Is this interesting approach to funding health care in New Mexico going to spread across the country? Interesting question, and one that may have a qualified ‘yes’ attached to it. Although, as with everything new, it remains to be seen how it will actually work in the field rather than in theory.

New Mexico has this rather innovative new approach to funding health care (Bill HB 12), that will go into effect in 2011. Essentially, it mandates all insurers to cough up at least 85% of every premium dollar for health care services. While this isn’t making too many health insurance companies really happy, it seems to have been met with a seal of approval by the public who has to pay the premiums.

For health insurance companies that don’t hand over 85% reimbursement requirement, they will find themselves paying out a credit or dividend on future premiums to “all” policyholders. This would also need to be in an amount that would eliminate any shortfall.

People on Medicare don’t need to worry too much about this new bill, as it likely, at least on first glance, won’t affect them. The intention of this particular bill is to “not” have it apply to Medicare long-term care or disability, hospital indemnity, accidents, dental, vision and disease specific coverage. It is also not intended to apply to individual underwritten health insurance policies, plans, limited benefit plans and contracts that act as supplements to major medical coverage.

While this may seem confusing, it may make some sense in the long run for the “greening” of health care services and may offer some potential income to other states bold enough to give this new approach a try.

One thing to remember is that with the still “forever and ever pending” Health Care Reform Bill, one of the items in it outlines that Congress would set spending requirements. That means that the bill in the House and the Senate would compel insurers to spend a much larger portion of their premium income on care for their customers. A welcome idea to say the least. This would in turn reduce the amount of money the big health insurance companies have on hand for sales, admin, profits and let’s not forget executive salaries.

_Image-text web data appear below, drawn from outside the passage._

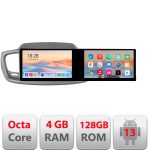 Navigatie KIA Sorento 2015-2018 Manual Kit-6528 Edotec 2 ecrane  8 core 4+128 21.6 inch Incell android Wifi 5Ghz gps internet 32 CarStore Technology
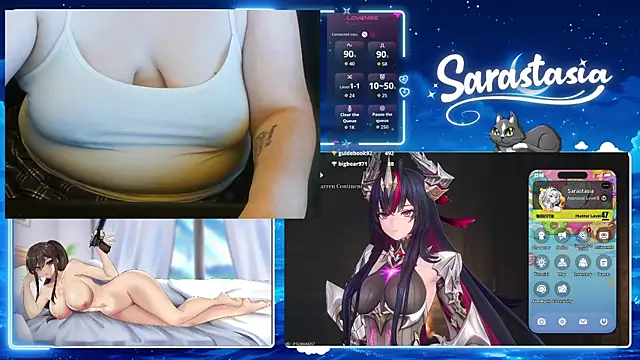 Sarastasia417 Live XXX-Chat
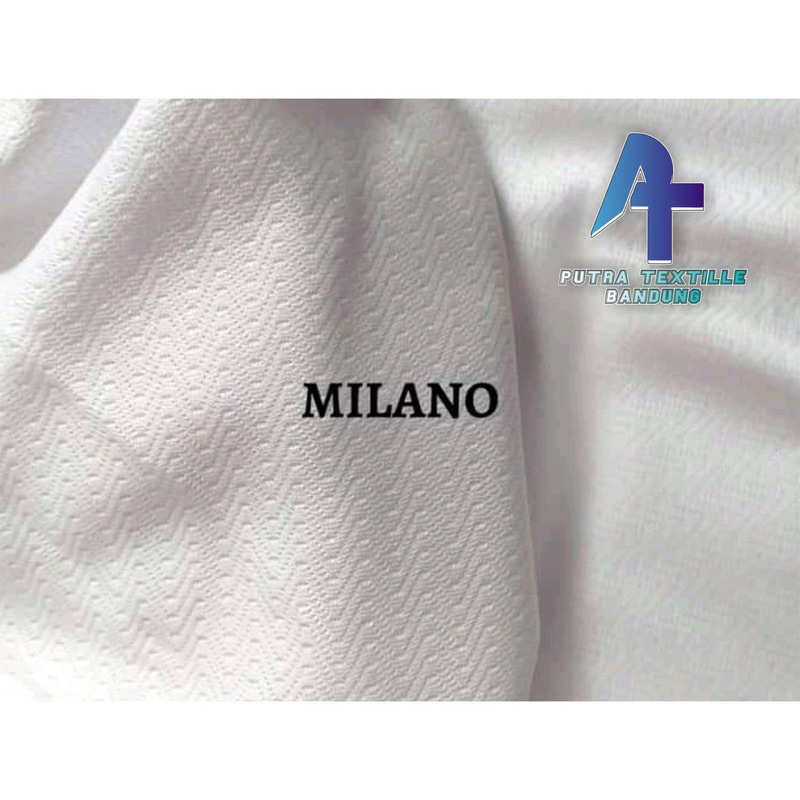kain jersey dry fit / dry fit / dryfit MILANO / MILANO untuk baju olahraga (SUPER PREMIUM )(minimal 1 roll )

Imagine having more money spent on the care of health insurance customers. What a difference that would make to just about every American. Whether or not there are similar plans in store for Medicare, it’s not certain. What is certain is that the Senate bill dictates 80% to be spent on medical care and “quality improvements,” while the House bill says 85%. What’s the current average? Evidently the current average tends to range from the low 80 to 87 cents on every dollar. Hopefully the new Health Reform Bill will make things clearer and get things sorted out and our health care system back on track.